To update a row or rows in a table, use the PATCH verb. Use Horizontal Filtering to specify which record(s) to update. Here is an example query setting the category column to child for all people below a certain age.

PATCH /people?age=lt.13 HTTP/1.1

{ "category": "child" }

Updates also support Prefer: return=representation plus Vertical Filtering.

Warning

Beware of accidentally updating every row in a table. To learn to prevent that see Block Full-Table Operations.

Upsert

You can make an upsert with POST and the Prefer: resolution=merge-duplicates header:

POST /employees HTTP/1.1
Prefer: resolution=merge-duplicates

[
  { "id": 1, "name": "Old employee 1", "salary": 30000 },
  { "id": 2, "name": "Old employee 2", "salary": 42000 },
  { "id": 3, "name": "New employee 3", "salary": 50000 }
]

By default, upsert operates based on the primary key columns, you must specify all of them. You can also choose to ignore the duplicates with Prefer: resolution=ignore-duplicates. This works best when the primary key is natural, but it’s also possible to use it if the primary key is surrogate (example: “id serial primary key”). For more details read this issue.

Important

After creating a table or changing its primary key, you must refresh PostgREST schema cache for upsert to work properly.

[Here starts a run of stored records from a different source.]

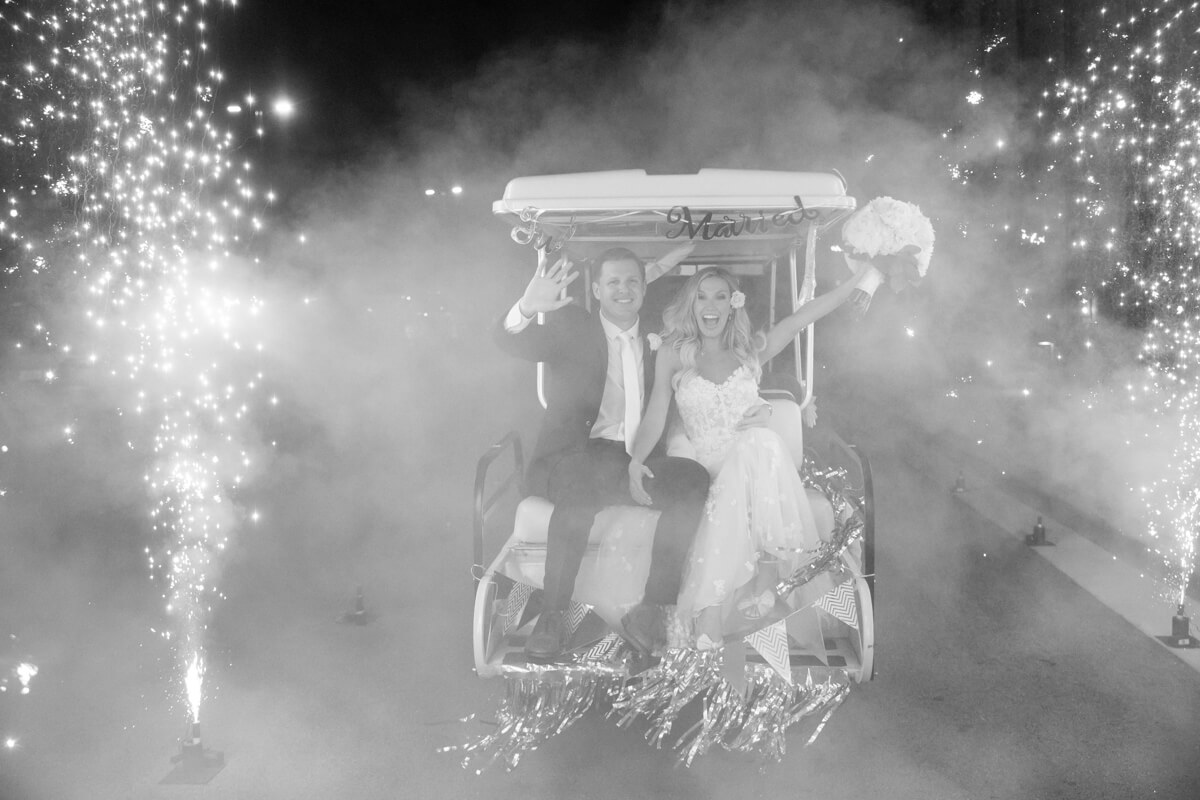 brittney and derek on a golf cart with sparklers
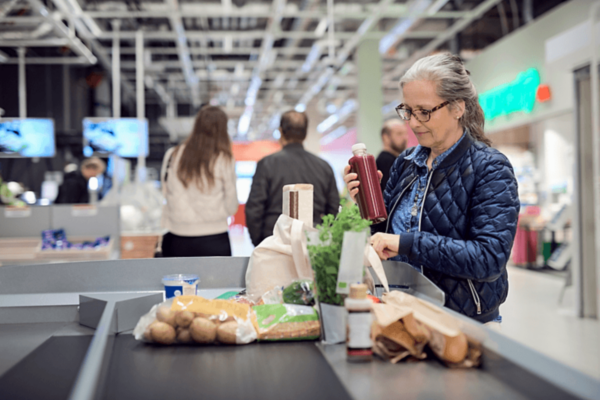 Donna al supermercato con prodotti alimentari. Webinar FSSC 24000 per responsabilità etico-sociale.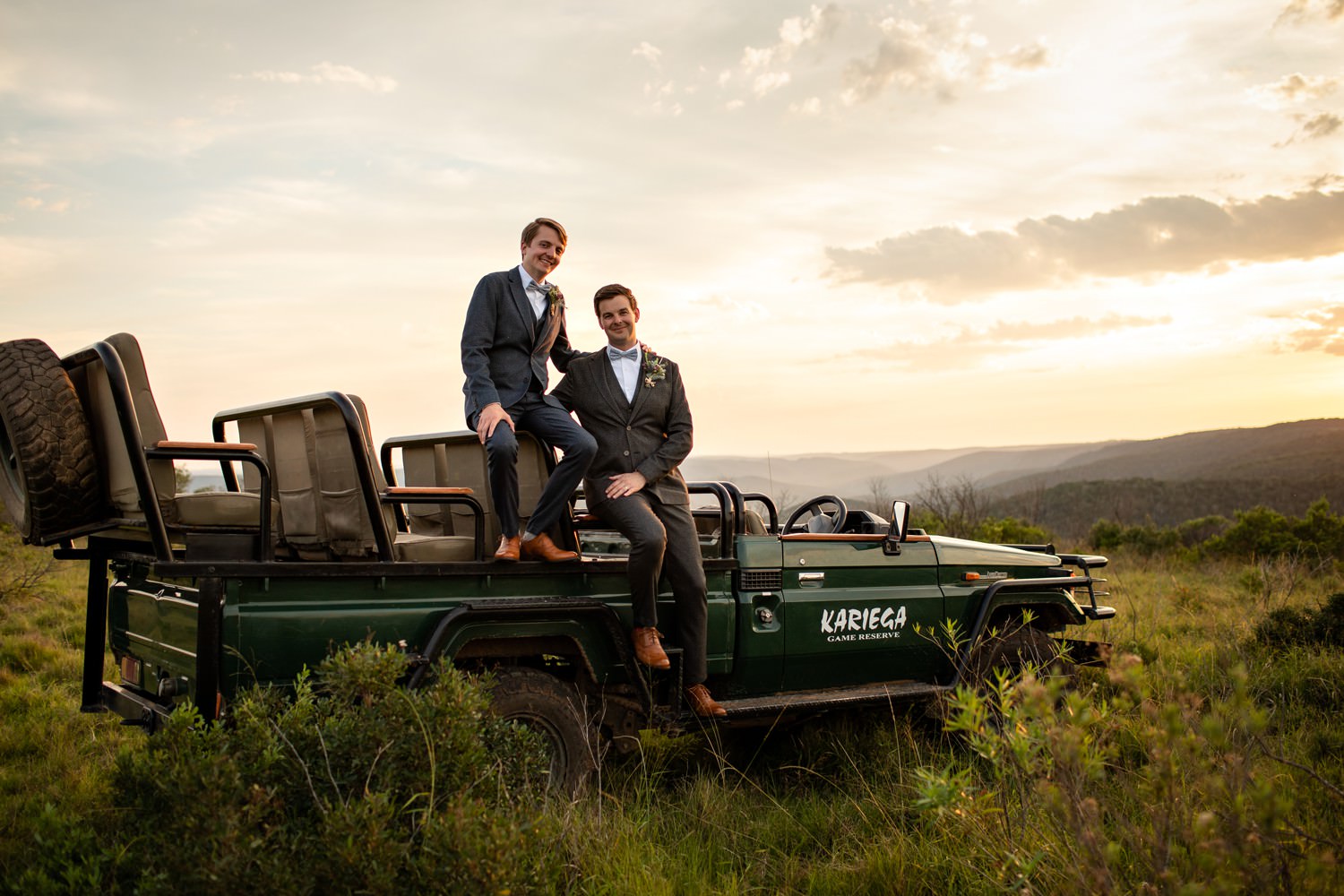 Image of two grooms posing on a Kariega Game Lodge vehicle with the sunset behind them at their Safari Elopement by Safari Photographer Niki M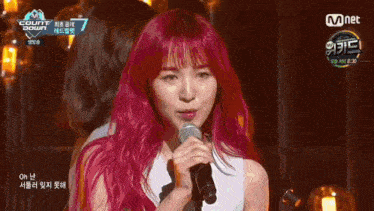 a group of women are standing on a stage with a mnet logo in the background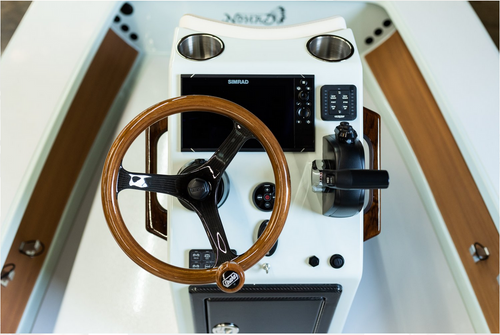 Edson teak and carbon PowerWheel displayed on a Drake Boats skiff Edson teak and carbon PowerWheel displayed on a Drake Boats skiff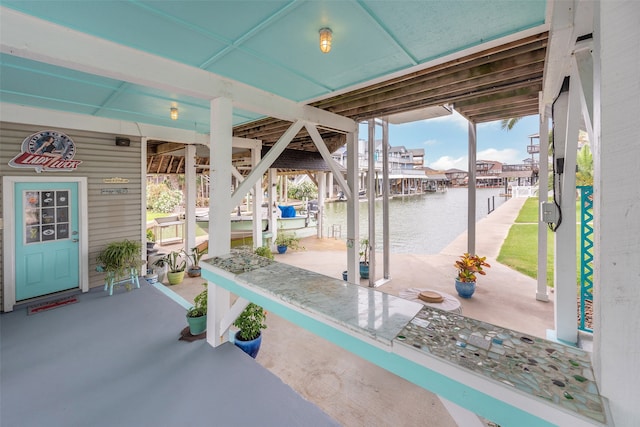 view of patio / terrace featuring a water view, a boat dock, and boat lift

To learn how to refresh the cache see Schema Cache Reloading.

On Conflict

By specifying the on_conflict query parameter, you can make upsert work on a column(s) that has a UNIQUE constraint.

POST /employees?on_conflict=name HTTP/1.1
Prefer: resolution=merge-duplicates

[
  { "name": "Old employee 1", "salary": 40000 },
  { "name": "Old employee 2", "salary": 52000 },
  { "name": "New employee 3", "salary": 60000 }
]

PUT

A single row upsert can be done by using PUT and filtering the primary key columns with eq:

PUT /employees?id=eq.4 HTTP/1.1

{ "id": 4, "name": "Sara B.", "salary": 60000 }

All the columns must be specified in the request body, including the primary key columns.

Delete

To delete rows in a table, use the DELETE verb plus Horizontal Filtering. For instance deleting inactive users:

DELETE /user?active=is.false HTTP/1.1

Deletions also support Prefer: return=representation plus Vertical Filtering.

DELETE /user?id=eq.1 HTTP/1.1
Prefer: return=representation

{"id": 1, "email": "johndoe@email.com"}

Warning

Beware of accidentally deleting all rows in a table. To learn to prevent that see Block Full-Table Operations.

Limited Update/Delete

You can limit the amount of affected rows by Update or Delete with the limit query parameter. For this, you must add an explicit order on a unique column(s).

PATCH /users?limit=10&order=id&last_login=lt.2017-01-01 HTTP/1.1

{ "status": "inactive" }

DELETE /users?limit=10&order=id&status=eq.inactive HTTP/1.1

If your table has no unique columns, you can use the ctid system column.

Using offset to target a different subset of rows is also possible.

Note

There is no native UPDATE...LIMIT or DELETE...LIMIT support in PostgreSQL; the generated query simulates that behavior and is based on this Crunchy Data blog post.